Following the Jan 13 post-mortem, another analyst said that this breach shows it's time for the tech industry to move beyond passwords, even those protected by 2FA.
"The biggest takeaway from the incident is that compromised developer credentials are a significant attack vendor," said Katie Norton, an analyst at IDC. "Logging in is way easier, and often more likely to go undetected, than hacking in, and this example is a good lesson that 2FA is not a panacea."
A compromised developer account was also behind a breach at password management vendor LastPass revealed Dec. 22.
"Look at LastPass, they had a huge breach, and they themselves are a company whose aim is to make passwords more secure for consumers and enterprises," Norton said. "I am starting to hear more on the front of passwordless authentication and other methods for credentials that are trying to solve this problem, but I think technologies like that will take a while to gain critical mass, since we are so password-driven currently."

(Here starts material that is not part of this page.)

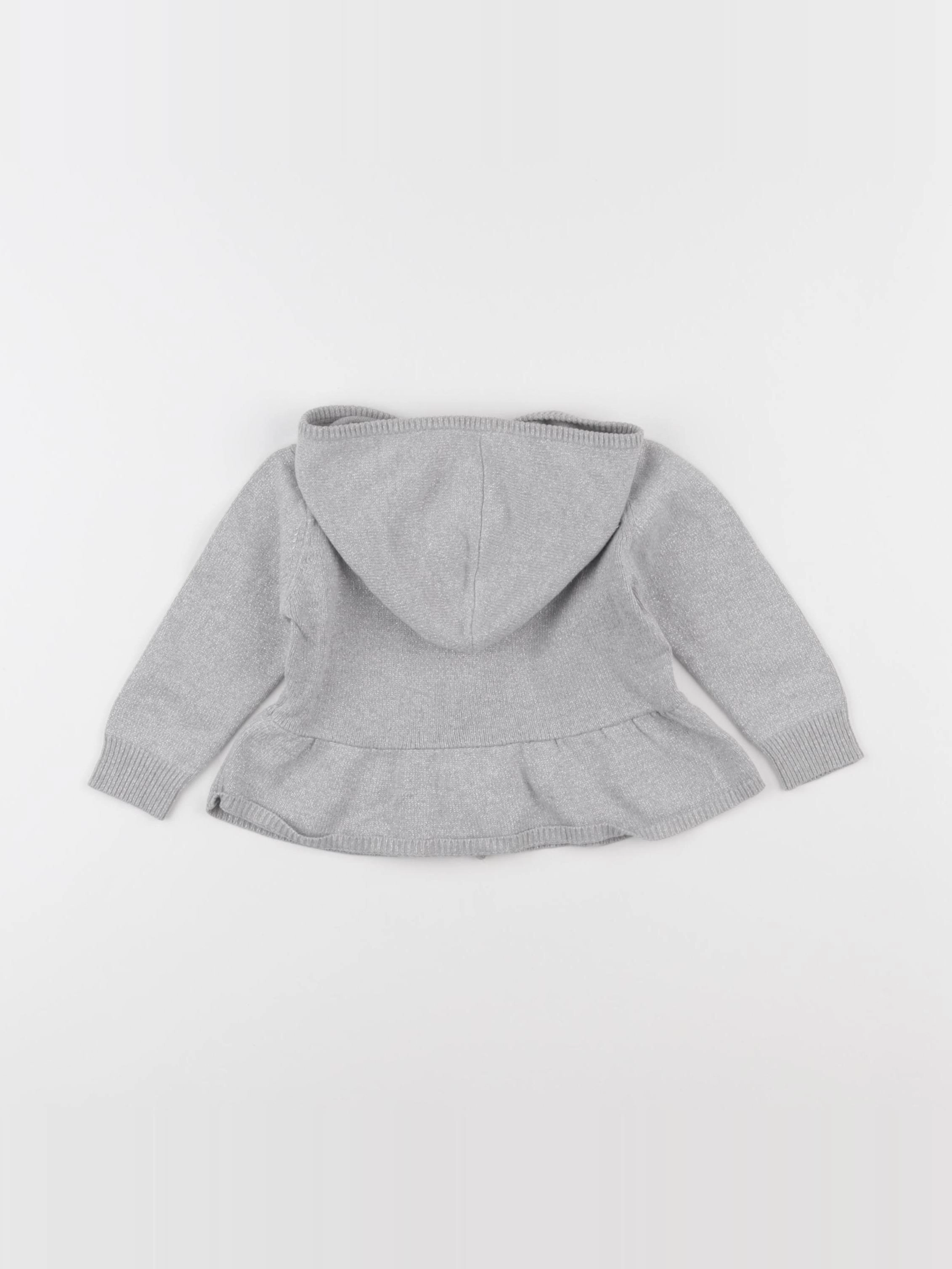 IKKS - gilet gris - 12 mois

In the meantime, users can ensure the passwords and other credentials they use are ephemeral, or short-lived, to mitigate similar future attacks, Norton said. Ephemeral identity management tools include HashiCorp’s Vault and Okta’s Advanced Server Access.
"It's not just a problem for SaaS providers [or CircleCI]," Norton said. "All other CI/CD providers are equally likely to have a similar incident. It’s a matter of when, not if, at this point."
Overall, the headaches for SecOps pros are mounting, especially over the last two months. CircleCI's Jan. 4 advisory was issued just as a series of powerful storms hit Northern California this week, knocking out power and otherwise compromising some SecOps teams' ability to access their systems. It also comes on the heels of other high-profile IT vendor security incidents, including a breach at ChatOps that vendor Slack reported on Dec 31.